Space and Time Complexity
Time Complexity: O(n) – we traverse the arrays a few times and work with sets/dictionaries. Space Complexity: O(n) – to store the unique elements from each array.
Solution
We first determine the capacity per array which is X = n/2. Then, we compute:
• set1 = unique elements from nums1
• set2 = unique elements from nums2
Let Aonly be the count of numbers in set1 but not in set2, Bonly be the count in set2 but not in set1, and common be the count of numbers present in both sets.
Since each kept array can only hold X elements, we can use:
• effective_A = min(Aonly, X) (the exclusive numbers kept from nums1)
• effective_B = min(Bonly, X) (the exclusive numbers kept from nums2)
The remaining capacity in nums1 is capacity1 = X - effective_A and in nums2 is capacity2 = X - effective_B. We can “fill” these remaining slots (total capacity = capacity1 + capacity2) with common numbers – up to however many are available.

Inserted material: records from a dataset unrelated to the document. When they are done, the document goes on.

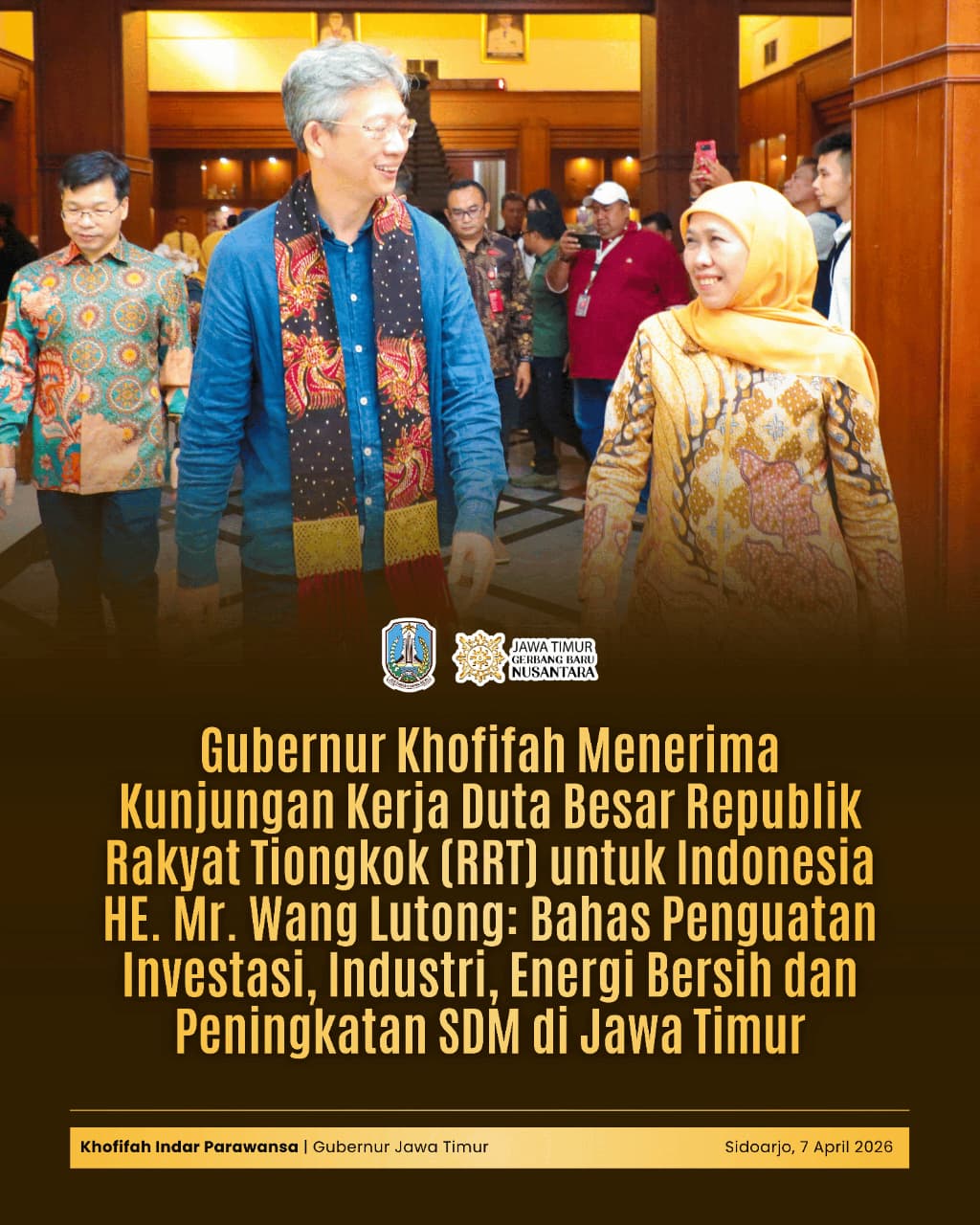 Gubernur Jatim Khofifah Indarparawansa menerima kunjungan kerja Duta Besar Republik Rakyat Tiongkok (RRT) untuk Indonesia HE. Mr. Wang Lutong di Gedung VIP Bandara Juanda, Sidoarjo, pada Selasa (7/4). 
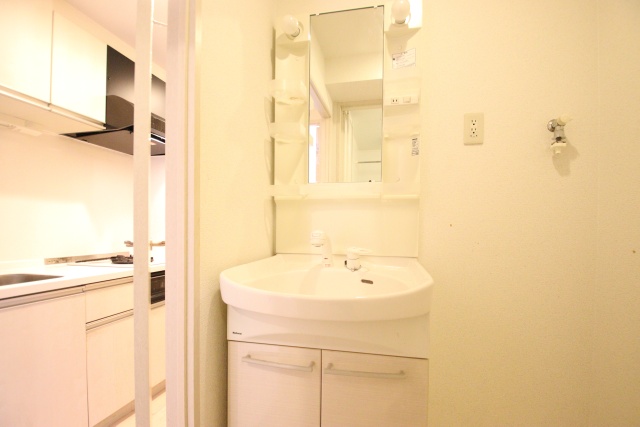 洗面設備　※別室の参考写真の為、現況優先です。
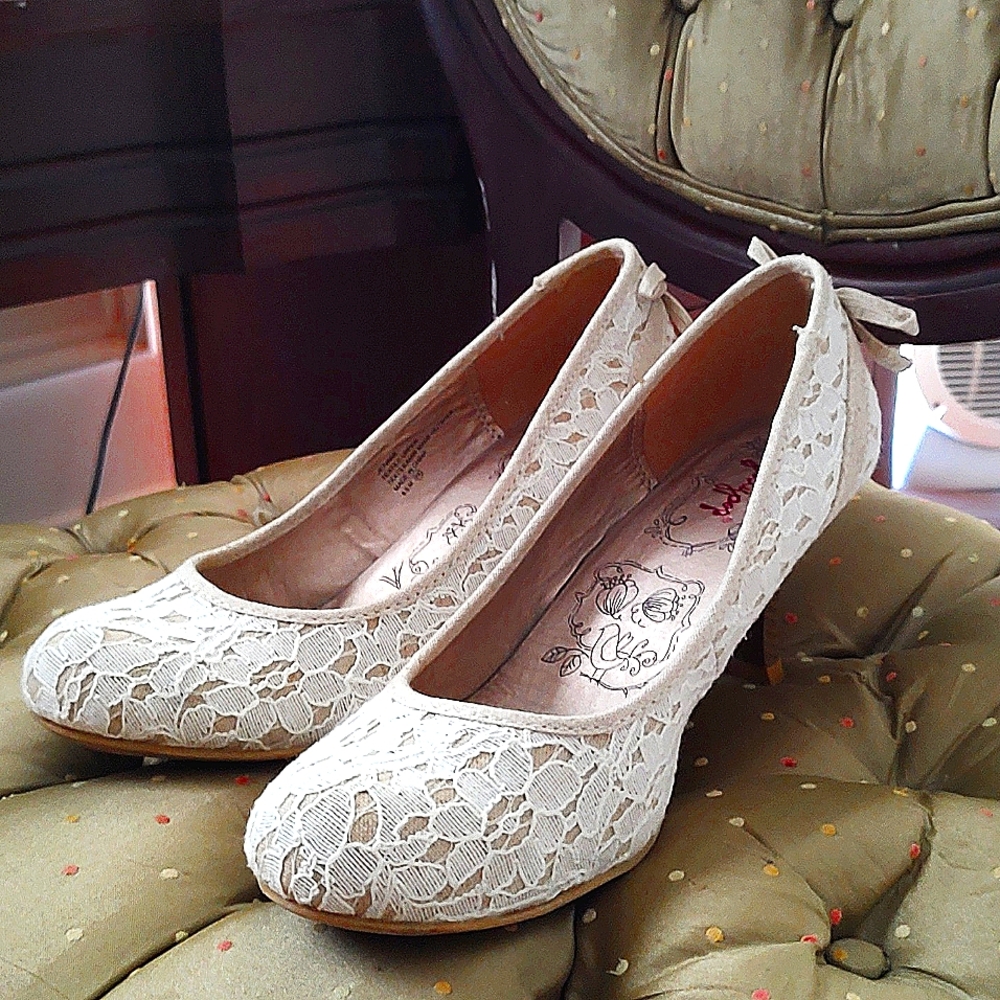 Jellypop Vintage Inspired Lace Wedding Shoes, "Jennie" size 8.5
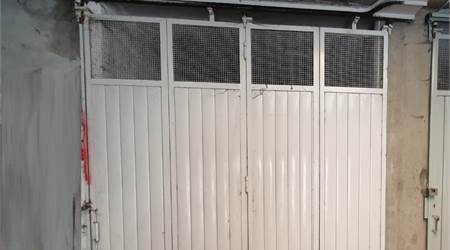 PINEROLO comodo box in vendita o affitto temporaneo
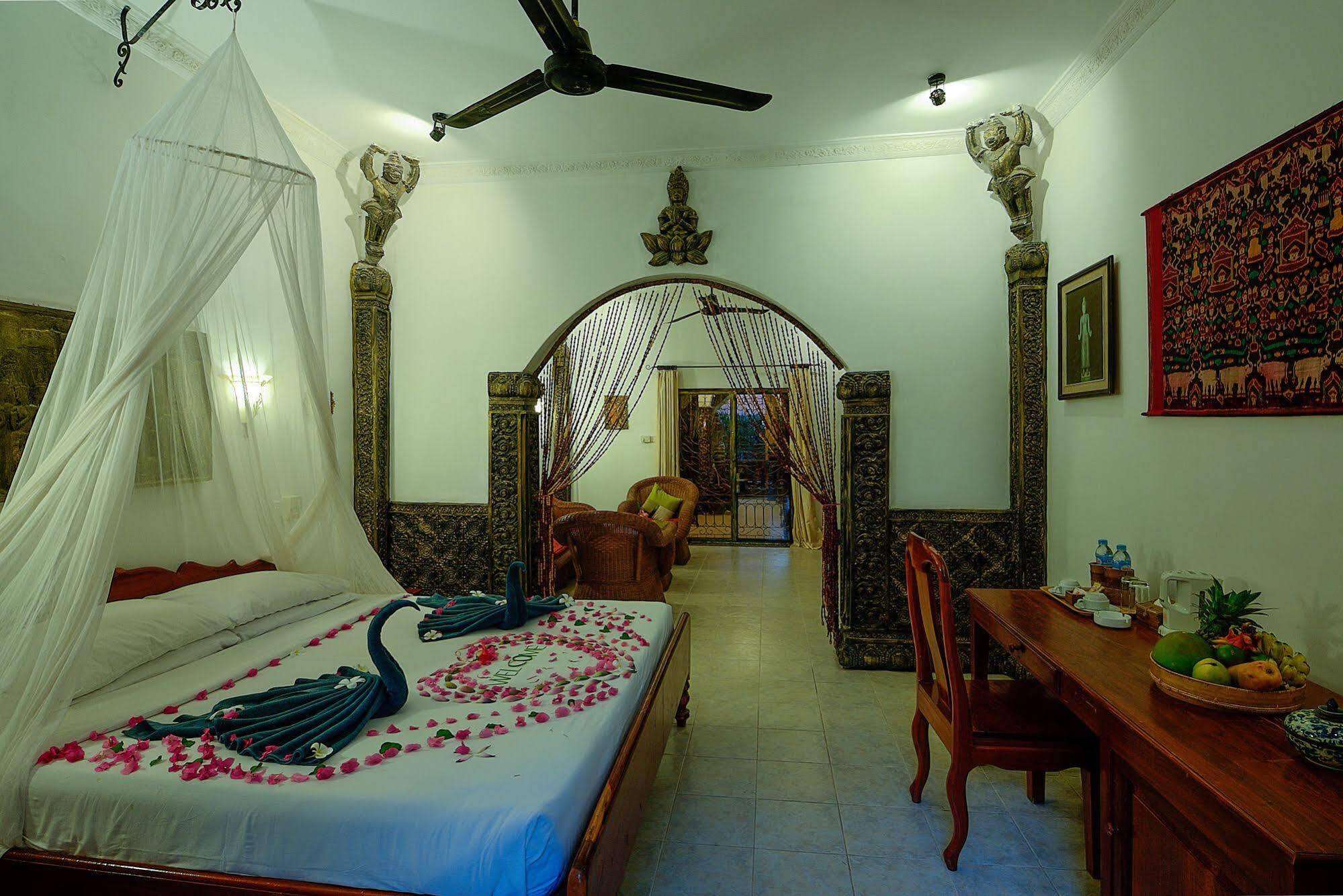 Bopha Siem Reap Boutique Hotel ภายนอก รูปภาพ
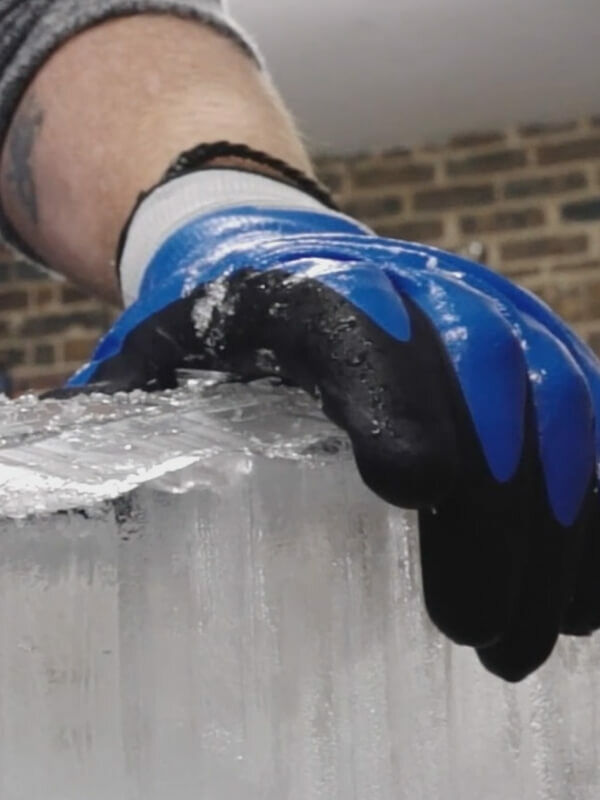 Guanti Show 477 - Impugnatura in schiuma e doppio rivestimento in nitrile perfetti anche in ambienti umidi e oleosi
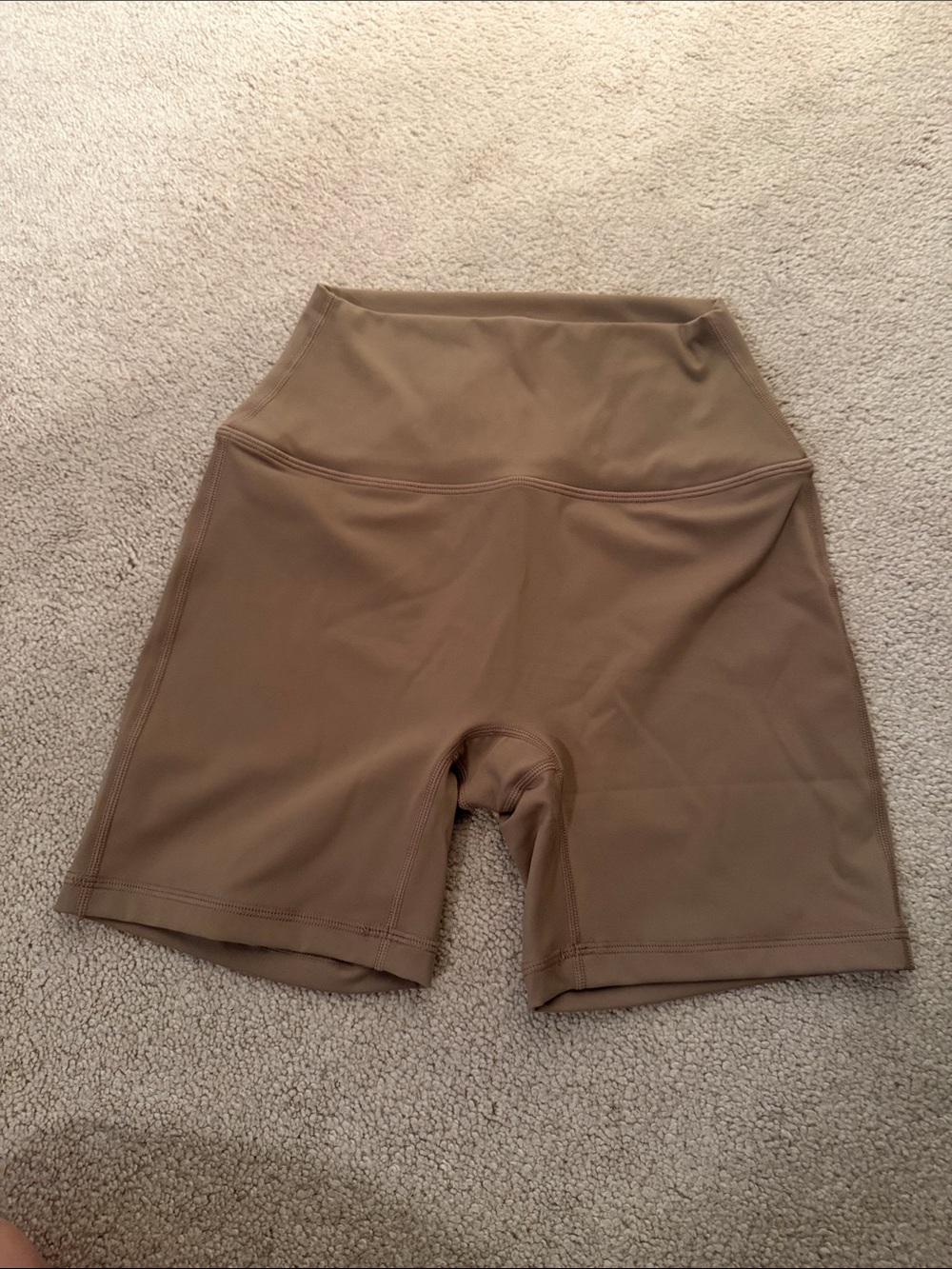 SET ACTIVE shorts. High-Waist Women’s Biker Shorts in Brown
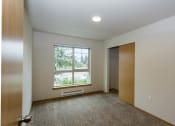Thumbnail 22 of 31 - Bedroom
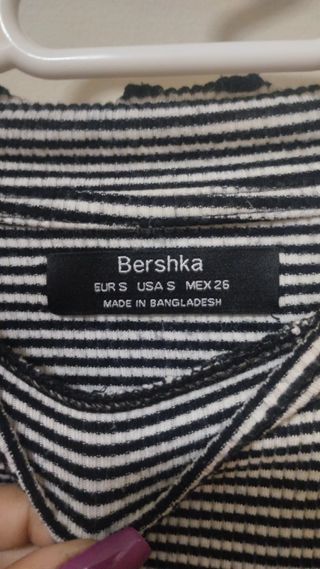 Camiseta rayas blancas y negras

Thus, the potential maximum distinct numbers in the union is: union_candidate = effective_A + effective_B + min(common, capacity1 + capacity2).
Since we cannot exceed the total number of unique elements overall, and also the total number of kept elements (which is n), the answer is: answer = min(union_candidate, (Aonly + Bonly + common), n).
This assignment–interpretation ensuring that each exclusive number is “forced” to one array and common numbers are used optimally is the key insight for this problem.